Data Analysis and Interpretation by Wesleyan University
- COURSE 1: Data Management and Visualization
- COURSE 2: Data Analysis Tools
- COURSE 3: Regression Modeling in Practice
- COURSE 4: Machine Learning for Data Analysis
- COURSE 5: Data Analysis and Interpretation Capstone
COURSE 1: Data Management and Visualization
COURSE 2: Data Analysis Tools
Central Limit Theorem
As long as adequately large samples and an adequately large number of samples are used from a population, the distribution of the statistics will be normally distributed.
Hypothesis Testing
Definition: Assessing the evidence provided by the data, in favor of or against each hypothesis about the population.
Methods:
- ANOVA - Analysis of Variance
- X2 - Chi-Square of Independence
- Specify the null(\(h_0\)), and the alternate (\(h_a\)) hypothesis
- Choose a sample
- Assess the evidence
- Draw conclusions
p value
Often noted as α, will be compared with “significance level of a test”, usually taken for 0.05. If p-value < α (0.05), the data provides significant evidence against the null hypothesis (\(H_0\)), so we reject the null hypothesis and accept the alternate hypothesis (\(H_a\)).
p value is also known as “Type One Error Rate”, means the number of times out of 100 we would be wrong if we reject the null hypothesis.
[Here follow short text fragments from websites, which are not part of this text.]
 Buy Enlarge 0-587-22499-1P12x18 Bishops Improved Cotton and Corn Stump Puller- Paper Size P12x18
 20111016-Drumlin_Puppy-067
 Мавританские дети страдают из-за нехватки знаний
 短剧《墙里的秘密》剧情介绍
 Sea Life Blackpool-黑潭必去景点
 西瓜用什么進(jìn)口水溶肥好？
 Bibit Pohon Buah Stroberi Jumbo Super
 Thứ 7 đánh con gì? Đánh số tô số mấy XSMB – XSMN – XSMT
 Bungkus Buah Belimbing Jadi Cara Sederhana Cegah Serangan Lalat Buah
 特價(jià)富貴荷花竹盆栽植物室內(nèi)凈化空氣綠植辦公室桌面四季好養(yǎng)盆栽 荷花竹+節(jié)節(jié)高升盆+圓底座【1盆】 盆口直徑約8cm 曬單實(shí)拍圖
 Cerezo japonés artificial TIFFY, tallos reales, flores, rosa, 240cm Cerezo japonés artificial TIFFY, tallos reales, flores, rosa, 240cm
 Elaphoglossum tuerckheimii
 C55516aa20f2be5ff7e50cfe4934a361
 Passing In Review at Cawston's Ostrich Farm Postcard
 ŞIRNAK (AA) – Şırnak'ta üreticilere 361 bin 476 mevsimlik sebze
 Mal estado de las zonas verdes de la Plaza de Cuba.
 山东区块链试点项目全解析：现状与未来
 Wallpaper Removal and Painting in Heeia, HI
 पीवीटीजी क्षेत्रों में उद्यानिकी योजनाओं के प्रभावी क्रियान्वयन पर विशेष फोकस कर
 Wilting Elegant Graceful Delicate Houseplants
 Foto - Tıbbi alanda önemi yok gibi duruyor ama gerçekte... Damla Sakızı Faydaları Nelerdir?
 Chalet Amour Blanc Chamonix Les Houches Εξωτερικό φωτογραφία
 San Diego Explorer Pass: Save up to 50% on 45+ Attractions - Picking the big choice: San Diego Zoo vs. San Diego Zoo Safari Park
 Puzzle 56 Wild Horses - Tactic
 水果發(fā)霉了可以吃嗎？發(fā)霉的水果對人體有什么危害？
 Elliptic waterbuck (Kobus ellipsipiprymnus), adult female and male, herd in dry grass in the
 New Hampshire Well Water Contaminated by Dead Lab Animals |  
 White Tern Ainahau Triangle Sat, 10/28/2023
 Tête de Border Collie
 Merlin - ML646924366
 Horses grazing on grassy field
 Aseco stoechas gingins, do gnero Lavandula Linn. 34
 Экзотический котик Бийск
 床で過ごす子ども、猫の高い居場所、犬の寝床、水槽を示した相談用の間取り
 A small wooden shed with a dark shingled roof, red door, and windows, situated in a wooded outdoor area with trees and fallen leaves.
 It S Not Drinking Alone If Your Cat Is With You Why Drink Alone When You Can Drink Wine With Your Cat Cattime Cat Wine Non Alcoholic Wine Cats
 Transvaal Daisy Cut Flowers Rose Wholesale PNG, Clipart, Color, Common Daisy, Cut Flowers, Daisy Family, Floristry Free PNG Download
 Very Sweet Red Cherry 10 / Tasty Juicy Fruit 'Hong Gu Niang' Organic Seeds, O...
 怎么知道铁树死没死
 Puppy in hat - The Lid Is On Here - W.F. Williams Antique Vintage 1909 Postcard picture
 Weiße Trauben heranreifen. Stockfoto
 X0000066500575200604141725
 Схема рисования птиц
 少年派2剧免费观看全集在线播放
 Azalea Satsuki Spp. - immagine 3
Bivariate Statistical tools
- ANOVA - Analysis of Variance
- X2 - Chi-Square of Independence
- r - Correlation Coefficient
How to choose a statistical test?
- C->Q: if you have categorical explanatory and quantitative response, choose ANOVA
- C->C: if you have categorical explanatory and response, choose X2
- Q->Q: if you have quantitative explanatory and response, choose Pearson Correlation
- Q->C: if you have categorical explanatory and quantitative response, you need to categorize your explanatory variable with only two levels then use the Chi-Square of Independence as your inferential test.